Muitos integrantes da minoria sunita do país apontam para a subida ao poder da maioria xiita, ocorrida após a deposição de Saddam, como uma ocupação encabeçada pelo Irã, um país xiita. Nesse cenário, há dúvidas sobre se o ex-ditador e seus assessores poderão ser julgados de forma justa.

Saddam e Ali Hassan al-Majid, um primo dele, são acusados também de genocídios pela operação Anfal.
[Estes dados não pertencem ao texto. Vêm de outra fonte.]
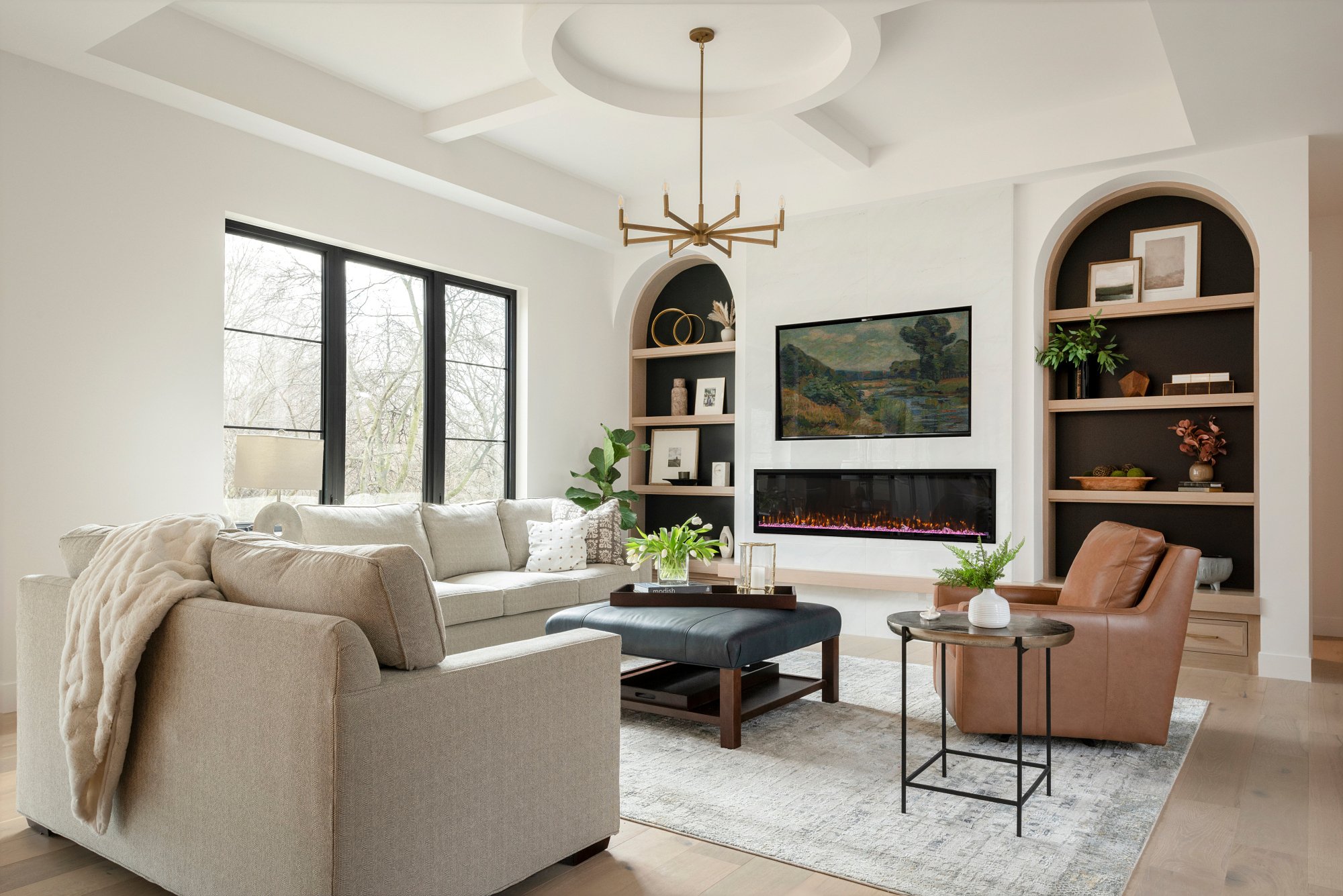 Contemporary living room with white walls, beige sectional sofa and black coffee table. Large window, modern fireplace and wall-mounted TV. Shelves with decor, minimalist chandelier, and neutral rug.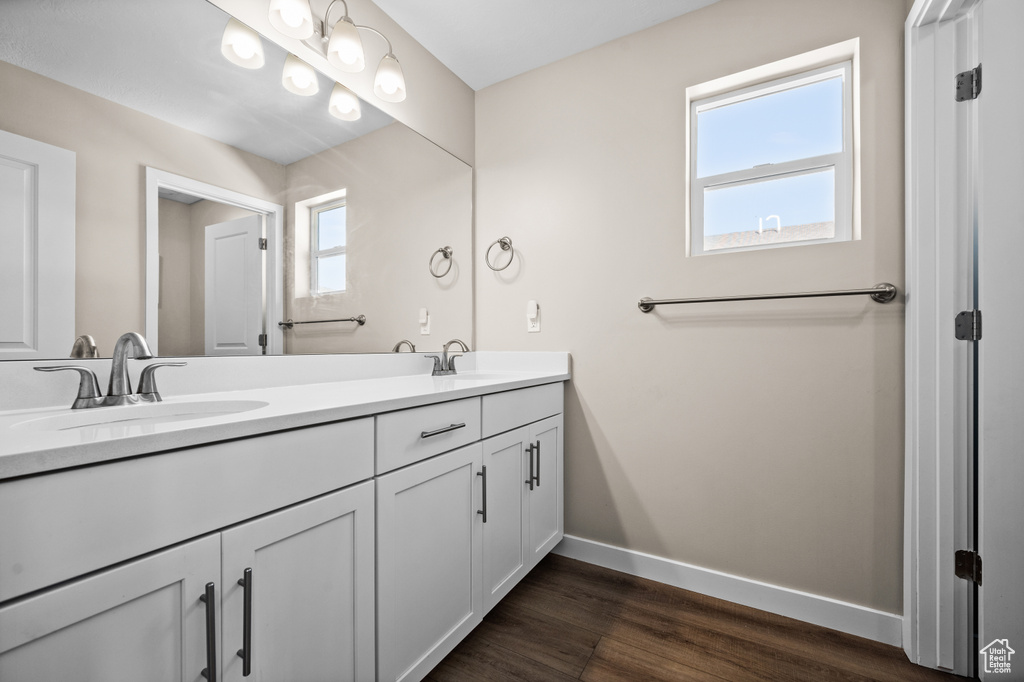 Bathroom with double vanity and hardwood / wood-style flooring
Majid ganhou o apelido de "Ali Químico" depois de realizar os ataques com gás venenoso contra o norte iraquiano.

Hama, uma das testemunhas convocadas pela promotoria, descreveu fatos ocorridos quase um ano antes do lançamento formal da campanha militar, no vale de Balisan (ao norte da cidade de Sulaimaniya).

Nascimento e morte

Falando em curdo, Hama, que tem cerca de 50 anos, lembrou o dia 16 de abril de 1987:

- Havia duas mulheres. Uma delas estava grávida. Quando ela deu à luz, a pequena criança tentava ver o mundo. Então, ela respirou o gás venenoso e morreu.

Ao contrário de muitas testemunhas do primeiro julgamento de Saddam, por crimes contra a humanidade devido ao assassinato de 148 homens xiitas em Dujail, Hama não tentou esconder sua identidade do ditador que governou o Iraque durante três décadas. Mas, ao ser questionado sobre quem considerava responsável pelos inocentes mortos, ele não citou o nome de Saddam, a quem se referiu afirmando:

- A pessoa que estava governando o Iraque na época.

Na segunda-feira, primeiro dia do julgamento, ao menos um advogado de defesa falou por meio de um microfone que distorcia sua voz e não apareceu diante das câmeras de TV. Três integrantes da equipe de defesa envolvida no processo de Dujail foram mortos, alimentando acusações de perseguição sectária.

No seu segundo julgamento, Saddam não quis declarar-se culpado ou inocente e chamou a corte de um instrumento da ocupação. O juiz xiita encarregado de comandar o caso registrou uma declaração de inocência em nome de Saddam.

Tentando provar que a campanha era semelhante a um genocídio da minoria curda do Iraque, os promotores contaram que vilarejos tinham sido destruídos e seus moradores, forçados a irem para campos de detentos, mortos a tiros, torturados e estuprados. Na segunda-feira, a acusação disse que a campanha deixou mais de 180 mil vítimas.

Uma sentença sobre o processo de Dujail deve ser divulgada em outubro. O ex-ditador iraquiano, de 69 anos, pode ser condenado à morte nos dois casos. Mas Saddam pode enfrentar vários outros julgamentos, atrasando sua eventual execução por anos e levantando a possibilidade de que, como aconteceu com o ex-líder iugoslavo Slobodan Milosevic, morra na prisão.